In this context, the verse “I will scatter you among the nations” is clearly part of the series of curses. The verse continues, “I will unsheathe the sword after you; your land shall become a desolation and your cities a ruin.” Later in the passage, a similar verse speaks of God bringing the people “into the land of their enemies” (26:41). Being scattered, and being among the nations, are both clearly part of the punishment in this passage. The “ingathering of the exiles”, the removal of the Jewish people from being scattered among the nations, is an integral part of traditional Jewish messianic expectation.
Yet taken out of its context, that phrase from the parashah has a different resonance for us. Even strongly committed Zionists recognize that there are advantages for the Jewish people not to be all concentrated in one place. Many pre-modern thinkers saw a benefit in being scattered during the period of exile: if an anti-Jewish regime arose in one place, not all Jews would be threatened, and there would be other options for refuge.
Some even saw a benefit that transcended the protection of geographical diversity. In the early 1620s, the Amsterdam Rabbi Saul Levi Morteira wrote, “If we were all in one place, our witness would be before only one nation. But our duty is to confess God’s greatness before all the peoples of the earth.” This anticipates what would become a central idea of the early Reform movement: the mission of the Jewish people fulfilled precisely through their dispersion throughout the world.
Historians have recognized that being scattered “among the nations” has not been an unmitigated disaster for the Jewish people. The interaction with other nations and their cultures has enriched the Jewish heritage through the absorption of some of the best aspects of the majority culture in a manner that did not necessarily undermine Jewish authenticity or loyalty. The flourishing of Jewish culture under medieval Islam and in late-nineteenth and early-twentieth century Germany and Austria are obvious examples.
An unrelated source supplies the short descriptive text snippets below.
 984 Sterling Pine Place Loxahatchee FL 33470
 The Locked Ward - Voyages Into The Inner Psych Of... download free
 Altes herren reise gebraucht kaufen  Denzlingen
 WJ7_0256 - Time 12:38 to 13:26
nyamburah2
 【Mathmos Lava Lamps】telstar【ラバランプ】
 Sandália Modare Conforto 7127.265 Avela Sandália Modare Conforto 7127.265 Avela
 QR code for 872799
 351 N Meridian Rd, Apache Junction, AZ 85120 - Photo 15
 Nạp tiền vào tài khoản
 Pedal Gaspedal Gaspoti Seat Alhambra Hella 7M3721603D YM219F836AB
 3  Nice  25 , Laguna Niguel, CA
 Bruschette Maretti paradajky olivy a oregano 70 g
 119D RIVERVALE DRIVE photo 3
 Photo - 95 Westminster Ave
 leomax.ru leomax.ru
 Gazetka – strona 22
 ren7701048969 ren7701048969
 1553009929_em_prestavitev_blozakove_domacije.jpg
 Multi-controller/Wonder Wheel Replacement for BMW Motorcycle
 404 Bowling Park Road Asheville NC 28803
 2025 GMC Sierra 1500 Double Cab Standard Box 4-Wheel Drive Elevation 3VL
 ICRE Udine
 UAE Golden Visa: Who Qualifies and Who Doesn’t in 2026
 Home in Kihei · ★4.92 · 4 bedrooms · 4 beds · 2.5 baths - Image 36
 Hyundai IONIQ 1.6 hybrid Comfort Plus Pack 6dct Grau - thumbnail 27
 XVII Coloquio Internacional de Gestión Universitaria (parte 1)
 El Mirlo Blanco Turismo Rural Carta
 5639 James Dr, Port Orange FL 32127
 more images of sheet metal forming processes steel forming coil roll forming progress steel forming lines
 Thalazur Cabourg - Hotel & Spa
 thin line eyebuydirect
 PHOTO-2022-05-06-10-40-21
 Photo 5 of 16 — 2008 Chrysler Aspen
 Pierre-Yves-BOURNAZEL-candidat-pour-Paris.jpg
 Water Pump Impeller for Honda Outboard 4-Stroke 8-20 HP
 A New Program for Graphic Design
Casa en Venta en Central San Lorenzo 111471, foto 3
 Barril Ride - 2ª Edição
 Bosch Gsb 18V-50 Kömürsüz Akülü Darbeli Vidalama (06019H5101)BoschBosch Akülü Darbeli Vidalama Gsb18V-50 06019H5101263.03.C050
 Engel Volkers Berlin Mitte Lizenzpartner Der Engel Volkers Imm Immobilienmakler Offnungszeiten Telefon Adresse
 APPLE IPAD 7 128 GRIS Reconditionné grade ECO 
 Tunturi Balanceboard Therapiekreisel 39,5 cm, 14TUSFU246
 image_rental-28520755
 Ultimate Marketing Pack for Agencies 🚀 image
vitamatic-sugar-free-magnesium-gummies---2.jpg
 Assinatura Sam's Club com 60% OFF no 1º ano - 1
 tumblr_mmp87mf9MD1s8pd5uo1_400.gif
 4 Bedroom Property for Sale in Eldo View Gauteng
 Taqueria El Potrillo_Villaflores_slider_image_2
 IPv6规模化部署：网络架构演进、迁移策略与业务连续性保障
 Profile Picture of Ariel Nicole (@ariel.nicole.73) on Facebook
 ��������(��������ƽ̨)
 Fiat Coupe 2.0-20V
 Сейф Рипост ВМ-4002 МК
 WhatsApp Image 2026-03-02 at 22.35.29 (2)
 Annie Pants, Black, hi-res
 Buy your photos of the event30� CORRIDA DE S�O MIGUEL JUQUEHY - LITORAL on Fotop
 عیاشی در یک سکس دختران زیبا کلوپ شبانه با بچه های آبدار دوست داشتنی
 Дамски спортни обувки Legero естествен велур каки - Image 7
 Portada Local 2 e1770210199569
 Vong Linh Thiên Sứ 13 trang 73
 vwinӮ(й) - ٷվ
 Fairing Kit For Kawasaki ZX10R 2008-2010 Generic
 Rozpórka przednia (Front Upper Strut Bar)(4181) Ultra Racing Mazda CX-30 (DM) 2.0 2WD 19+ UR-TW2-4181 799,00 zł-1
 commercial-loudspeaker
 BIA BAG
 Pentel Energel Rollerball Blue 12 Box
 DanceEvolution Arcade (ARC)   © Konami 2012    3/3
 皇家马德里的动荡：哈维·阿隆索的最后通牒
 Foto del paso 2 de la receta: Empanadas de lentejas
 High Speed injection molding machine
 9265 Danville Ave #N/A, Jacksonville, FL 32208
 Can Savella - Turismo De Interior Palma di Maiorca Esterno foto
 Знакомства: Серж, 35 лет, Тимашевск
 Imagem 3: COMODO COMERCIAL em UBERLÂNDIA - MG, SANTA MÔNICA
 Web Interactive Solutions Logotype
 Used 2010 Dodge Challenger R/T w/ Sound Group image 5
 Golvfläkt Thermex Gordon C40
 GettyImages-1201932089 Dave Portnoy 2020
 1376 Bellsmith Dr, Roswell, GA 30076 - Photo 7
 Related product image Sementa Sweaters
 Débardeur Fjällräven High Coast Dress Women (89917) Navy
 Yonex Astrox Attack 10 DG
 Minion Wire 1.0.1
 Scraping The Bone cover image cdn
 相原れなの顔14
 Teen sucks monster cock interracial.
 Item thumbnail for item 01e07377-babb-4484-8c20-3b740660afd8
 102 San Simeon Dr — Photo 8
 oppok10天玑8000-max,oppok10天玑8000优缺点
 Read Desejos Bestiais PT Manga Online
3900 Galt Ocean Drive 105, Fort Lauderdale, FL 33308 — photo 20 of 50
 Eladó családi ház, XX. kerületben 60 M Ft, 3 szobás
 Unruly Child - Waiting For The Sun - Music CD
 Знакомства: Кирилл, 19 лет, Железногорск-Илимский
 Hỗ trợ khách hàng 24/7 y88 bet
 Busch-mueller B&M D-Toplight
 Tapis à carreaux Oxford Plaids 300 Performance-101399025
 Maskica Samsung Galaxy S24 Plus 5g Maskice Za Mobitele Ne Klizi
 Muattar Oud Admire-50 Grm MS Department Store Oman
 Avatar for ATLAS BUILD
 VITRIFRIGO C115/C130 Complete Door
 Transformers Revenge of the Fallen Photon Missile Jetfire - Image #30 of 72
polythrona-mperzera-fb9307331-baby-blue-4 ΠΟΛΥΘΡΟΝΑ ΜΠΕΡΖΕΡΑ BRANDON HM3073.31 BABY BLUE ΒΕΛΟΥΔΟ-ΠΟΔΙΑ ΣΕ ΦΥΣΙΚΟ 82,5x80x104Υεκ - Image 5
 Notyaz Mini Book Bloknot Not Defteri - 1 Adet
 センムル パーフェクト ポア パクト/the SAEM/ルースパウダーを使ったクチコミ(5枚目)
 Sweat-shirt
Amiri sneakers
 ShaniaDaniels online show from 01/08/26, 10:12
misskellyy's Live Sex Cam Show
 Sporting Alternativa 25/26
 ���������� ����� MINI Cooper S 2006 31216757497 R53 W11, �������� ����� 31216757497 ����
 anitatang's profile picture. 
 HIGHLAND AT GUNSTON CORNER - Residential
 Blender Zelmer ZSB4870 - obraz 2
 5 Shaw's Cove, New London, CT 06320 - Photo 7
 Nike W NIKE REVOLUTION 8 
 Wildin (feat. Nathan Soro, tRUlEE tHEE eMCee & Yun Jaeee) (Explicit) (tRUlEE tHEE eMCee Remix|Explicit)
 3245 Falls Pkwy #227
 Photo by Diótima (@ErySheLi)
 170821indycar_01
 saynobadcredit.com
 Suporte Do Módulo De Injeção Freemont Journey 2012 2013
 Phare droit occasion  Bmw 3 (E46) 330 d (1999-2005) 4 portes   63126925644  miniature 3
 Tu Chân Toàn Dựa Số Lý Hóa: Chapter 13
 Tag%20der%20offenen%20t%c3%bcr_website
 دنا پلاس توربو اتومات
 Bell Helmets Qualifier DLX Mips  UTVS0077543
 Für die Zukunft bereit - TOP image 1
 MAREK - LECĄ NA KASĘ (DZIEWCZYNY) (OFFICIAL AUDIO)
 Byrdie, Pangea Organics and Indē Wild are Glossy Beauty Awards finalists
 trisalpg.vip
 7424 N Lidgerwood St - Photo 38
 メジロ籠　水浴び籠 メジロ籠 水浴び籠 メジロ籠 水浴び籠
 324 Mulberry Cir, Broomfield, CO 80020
This is not, of course, to minimize the enormous contribution that has been made by the State of Israel over the past 60 years: as a home where Jews anywhere in the world can come as a matter of right, and as an environment in which a strong Hebrew-language culture has flourished and thrived, much of it rooted in the study of age-old traditions, much of it intensely modern. Nevertheless, with all their challenges and failings most Jewish communities of the Diaspora, scattered among the nations, are not like those described in the parashah. They are not faint of heart, fleeing from the sound of a driven leaf (26:36), but proudly self-assertive; they do not feel themselves to be “in the land of their enemies”, but as neighbours and partners with much of the surrounding population.
For the parashah, being scattered throughout an alien and hostile environment, suffering the oppression of enemies, perishing among the nations, serves as an impetus for the confession and atonement of iniquities before God (26:40, 43). This bleak reality has indeed characterized Diaspora experience at some times and in some places, even in the recent past. But being scattered among the nations is not just a punishment. It may serve as an opportunity and a challenge.